Le dernier article, proposé par Abdelkarim Daoud et Salem Dahech, est consacré à une tentative d’évaluation de la résilience urbaine de la ville de Sfax en Tunisie face à l’évolution du climat. Outre son intérêt climatologique et monographique, cet article dresse le constat d’une aggravation des vulnérabilités en raison de l’absence de stratégie d’atténuation ou d’adaptation aux changements climatiques dans la politique environnementale tunisienne.
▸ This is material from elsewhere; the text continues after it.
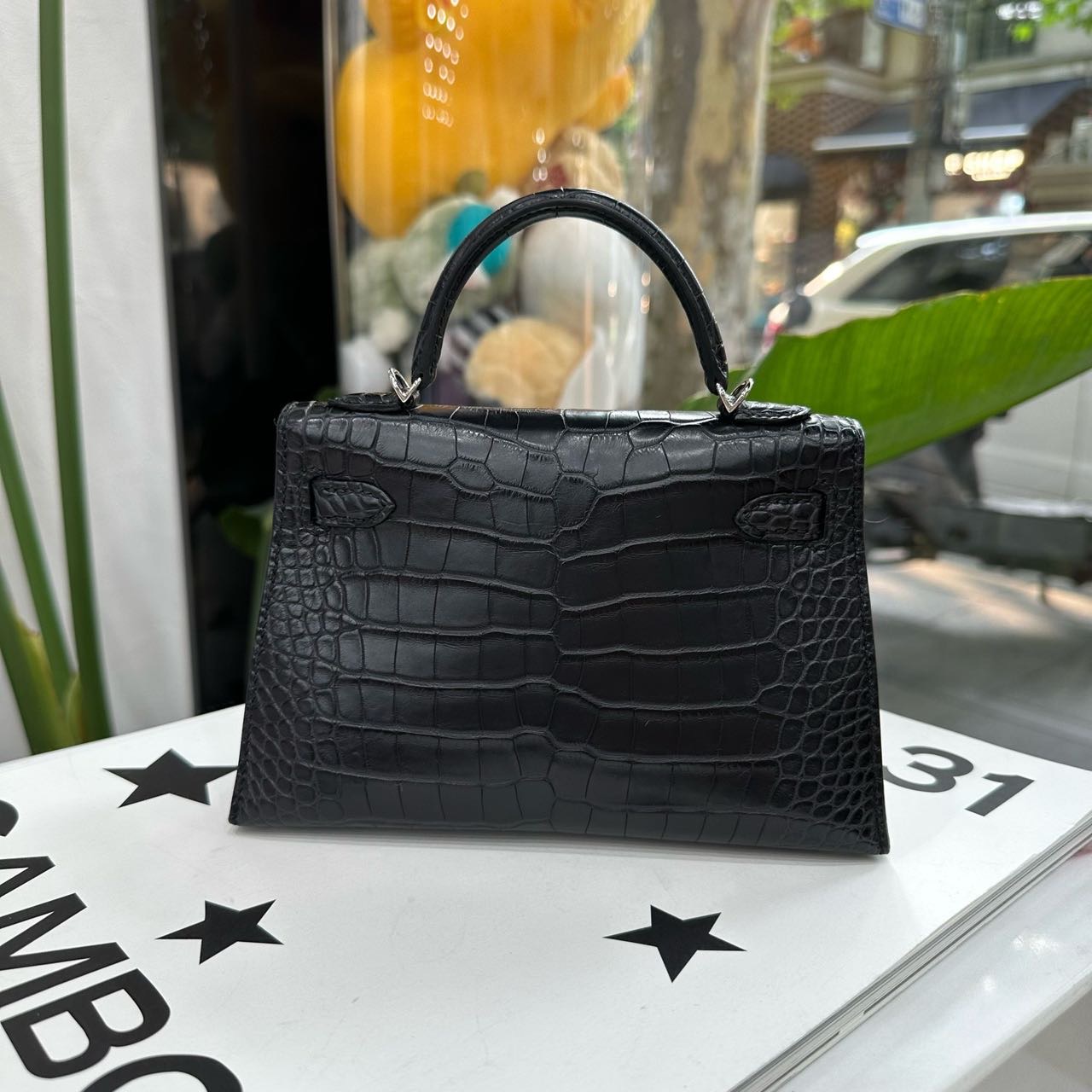 Hermes 黑银雾面鳄鱼mini Kelly K刻 全套带票证 缩略图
Les auteurs finissent leur article sur une note d’espoir : l’avènement de la démocratie en Tunisie devrait permettre aux acteurs locaux, particulièrement les élus, de prendre en compte les climats urbains et les effets du changement climatique dans la gestion et l’aménagement de l’agglomération.

Face au méta-risque12 que constitue, pour les villes, le changement climatique, l’étude géographique des interactions entre villes, climats et changement climatique doit se poursuivre en conservant toute la diversité et la complémentarité des éléments composant son champ actuel : analyse et spatialisation des phénomènes et processus climatologiques; visualisation 3D et cartographie; approches multi-scalaires (e.g. de l’agglomération à l’îlot); démarche comparative13 et systémique; modélisation; approche inductive et expérimentations in situ; théorisation et conceptualisation de notions fortement interdisciplinaires comme la vulnérabilité, la résilience, l’adaptation, le développement urbain durable14... Sans oublier l’histoire du risque climatique, facteur essentiel de résilience des sociétés urbaines15.

Gageons que ce numéro spécial de Climatologie contribuera à valoriser et diffuser les recherches récentes d’un certain nombre de climatologues ou géographes des espaces urbains, experts sur le thème du climat et du changement climatique en ville. On peut espérer que les éléments factuels et préconisations issus de leurs travaux, retiennent l’attention des décideurs (publics et privés)16 en vue d’améliorer « l’ordinaire » des conditions de vie de chaque citadin : cette prise en compte serait à elle seule « extra-ordinaire ».


1

Besancenot (2002) parle de « paroxysme thermique positif de basse fréquence » pour désigner l’épisode caniculaire du mois d’août 2003. A ce dernier s’ajoute la canicule de juillet 2006.

2

Voir à ce propos l’article de Besancenot (2005) : La mortalité consécutive à la vague de chaleur de l’été 2003, étude épidémiologique. La Presse Thermale, 142, pp. 13-24.

3

Programmes et appels à projet ANR, PIRVE, GICC, PUCA, PREBAT, PREDIT, etc.

4

Voir à ce sujet l’article de Quenault et al. paru dans les actes du colloque 2R2CV.

5

Voir par exemple le projet “ Le Grand Paris”.

6

Communications orales, bilan scientifique et actes du colloque disponibles sur www.cegum.univ-metz.fr/2R2CV/accueil.html.

7

Université de Lorraine depuis le 01/01/2012.

8

Universités, établissements publics, ministères et collectivités territoriales, bureaux d’études privés et grandes entreprises.

9

Etude Pluridisciplinaire des Impacts du Changement climatique à l'Echelle de l'Agglomération parisienne.

10

Ilot de Chaleur Urbain (ICU).

11

Changement dans les systèmes naturels ou humains qui conduit à augmenter la vulnérabilité au lieu de la réduire (GIEC, 2007).

12

Risque accroissant l’ampleur et la fréquence de risques naturels déjà existants.

13

E.g. par un regard croisé sur les villes du Nord et les villes du Sud.

14

Voir à ce sujet l’article de Quenault et al. paru dans les actes du colloque 2R2CV.

15

Voir à ce sujet les articles de J. Desarthe, L. Litzenburger et W. Pittel parus dans les actes du colloque 2R2CV.

16

Etat, collectivités territoriales, bailleurs privés, architectes, etc.